==== TASK INPUTS ====
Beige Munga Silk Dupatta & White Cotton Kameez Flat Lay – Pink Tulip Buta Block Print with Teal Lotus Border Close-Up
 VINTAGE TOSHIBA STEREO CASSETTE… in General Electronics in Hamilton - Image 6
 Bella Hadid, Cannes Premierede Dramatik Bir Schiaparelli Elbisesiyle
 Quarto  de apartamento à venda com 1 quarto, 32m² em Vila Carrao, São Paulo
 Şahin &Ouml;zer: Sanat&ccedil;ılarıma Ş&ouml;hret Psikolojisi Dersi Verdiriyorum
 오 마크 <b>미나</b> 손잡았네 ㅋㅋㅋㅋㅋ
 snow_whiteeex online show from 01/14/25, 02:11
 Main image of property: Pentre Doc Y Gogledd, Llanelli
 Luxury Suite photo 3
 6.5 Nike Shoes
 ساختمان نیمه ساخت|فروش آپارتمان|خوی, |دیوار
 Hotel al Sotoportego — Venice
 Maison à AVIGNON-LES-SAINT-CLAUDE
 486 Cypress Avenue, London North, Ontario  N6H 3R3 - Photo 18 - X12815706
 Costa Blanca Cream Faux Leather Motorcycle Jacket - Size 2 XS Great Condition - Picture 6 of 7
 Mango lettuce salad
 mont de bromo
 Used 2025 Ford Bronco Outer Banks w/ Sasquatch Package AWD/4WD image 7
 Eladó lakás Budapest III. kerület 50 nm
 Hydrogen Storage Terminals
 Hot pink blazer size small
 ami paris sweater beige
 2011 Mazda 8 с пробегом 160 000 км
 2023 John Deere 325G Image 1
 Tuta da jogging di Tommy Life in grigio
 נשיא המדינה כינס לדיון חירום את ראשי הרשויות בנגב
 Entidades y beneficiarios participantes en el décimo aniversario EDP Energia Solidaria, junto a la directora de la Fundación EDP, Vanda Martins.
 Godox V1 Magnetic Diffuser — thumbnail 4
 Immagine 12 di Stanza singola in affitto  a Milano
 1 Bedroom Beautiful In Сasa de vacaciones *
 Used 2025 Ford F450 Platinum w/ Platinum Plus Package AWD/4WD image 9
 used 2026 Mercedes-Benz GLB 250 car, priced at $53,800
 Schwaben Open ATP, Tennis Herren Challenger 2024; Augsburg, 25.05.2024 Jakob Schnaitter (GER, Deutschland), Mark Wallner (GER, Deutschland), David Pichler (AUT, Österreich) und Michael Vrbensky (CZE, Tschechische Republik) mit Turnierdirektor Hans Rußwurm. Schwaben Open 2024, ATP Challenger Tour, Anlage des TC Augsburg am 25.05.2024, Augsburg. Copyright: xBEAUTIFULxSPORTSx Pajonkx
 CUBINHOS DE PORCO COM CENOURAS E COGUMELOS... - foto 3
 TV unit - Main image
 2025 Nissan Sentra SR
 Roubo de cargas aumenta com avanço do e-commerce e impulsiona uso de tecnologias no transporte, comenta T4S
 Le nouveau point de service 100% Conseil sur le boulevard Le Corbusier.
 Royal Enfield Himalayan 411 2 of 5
====
Give back the records above exactly, limited to the lines between the one holding "Hydrogen Storage Terminals" and the one holding "used 2026 Mercedes-Benz", inclusive.

 Hydrogen Storage Terminals
 Hot pink blazer size small
 ami paris sweater beige
 2011 Mazda 8 с пробегом 160 000 км
 2023 John Deere 325G Image 1
 Tuta da jogging di Tommy Life in grigio
 נשיא המדינה כינס לדיון חירום את ראשי הרשויות בנגב
 Entidades y beneficiarios participantes en el décimo aniversario EDP Energia Solidaria, junto a la directora de la Fundación EDP, Vanda Martins.
 Godox V1 Magnetic Diffuser — thumbnail 4
 Immagine 12 di Stanza singola in affitto  a Milano
 1 Bedroom Beautiful In Сasa de vacaciones *
 Used 2025 Ford F450 Platinum w/ Platinum Plus Package AWD/4WD image 9
 used 2026 Mercedes-Benz GLB 250 car, priced at $53,800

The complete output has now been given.